So, the rumours are confirmed. Frank Beckwith, President of the ETS, has returned to Roman Catholicism, and he tells us all about it in his own words here.
Some may remember that I spoke about my own temporary conversion to Roman Catholicism here. To quote myself:
"Oh, and another thing. I decided to become a Catholic today. Yep. A big papal 'thumbs up', a nice dollop of Pope-loving, and I'm a red robed, hat wearing, ground-kissing, staff swinging counter-reformation papist. Admittedly, in about half an hour I'm back to being protestant. This was only a short-lived jaunt into the realms of Romism; but it was the only way I could justify taking a break from my work on All Saints Day (a Catholic holiday). Some may call this intellectual dishonesty. I call it pragmatic intellectual flexibility"
Yea baby! Bad taste, terrible timing Tilling is back on form.
Actually, I am a bit of a scholar on Catholic dress fashion, as this post ably demonstrated.
And there aren't many in biblioblogdom that have sought to include Catholics in their own worship songs. But if you remember, I did - in my immortal song, Holy and you Know it (© 2006, CTRVM)
And if all of this wasn't enough, I've even given my readers a peek into one the most beautiful moments in the entire history of Catholic-Protestant ecumenical dialogue in this post.

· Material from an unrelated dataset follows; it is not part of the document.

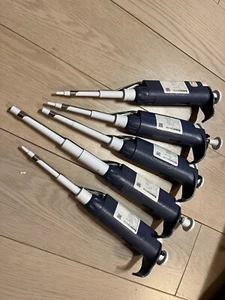 Rainin Pipet-Lite LTS Pipettor variable set L200 L20 L1000 L2 L10 waz - Picture 1 of 2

Oh, and I'm loving the Popes new book on Jesus as I've recently mentioned, and I wrote a lengthy blog series on another Catholic's work on science and Christianity (Küng's Der Anfang aller Dinge). It should be no secret, then, that I have a small soft spot for Catholicism. I admit it. Not enough to stop me gladly being an evangelical, but a soft spot nonetheless. So send me to the Evangelical Inquisition: I plead guilty (unless I'm offered enough money, of course, in which case I deny everything and I'll get back to cursing the spawn of the whore of Babylon, and pronto).
Of course, I disagree with some things implied by Beckwith in his leaving statement. Jim West commented about that here (though in the process he managed to call me the antichrist. Again). And I will disagree with Beckwith about other matters too. Strong formulations of inerrancy, for example. Which reminds me, I recently read something by Dr. Barry H. Corey, recently appointed as the president of Biola University. He claimed: 'I don't cross my fingers, nuance or flinch when I say the Bible is inerrant'.
Now, Corey sounds like a very wise and likeable man in what I've read. But I, one the other hand, were I to need to confess the Chicago Statement, for example, will have had to have crossed my legs and fingers and arms so often, that I'd end up looking like the ribbons on a busy May Pole. As for flinching, I'd look like a serious case of Tourette syndrome.
1 comment:
Of course, what Jim West says about the Reformation doing away with sacraments is completely mistaken. Jim takes a hyper-Zwinglian view and imposes it on the entire Reformation. I could hardly believe it. It was such an example of "dillentantism" that I figure someone must have forged Jim's name.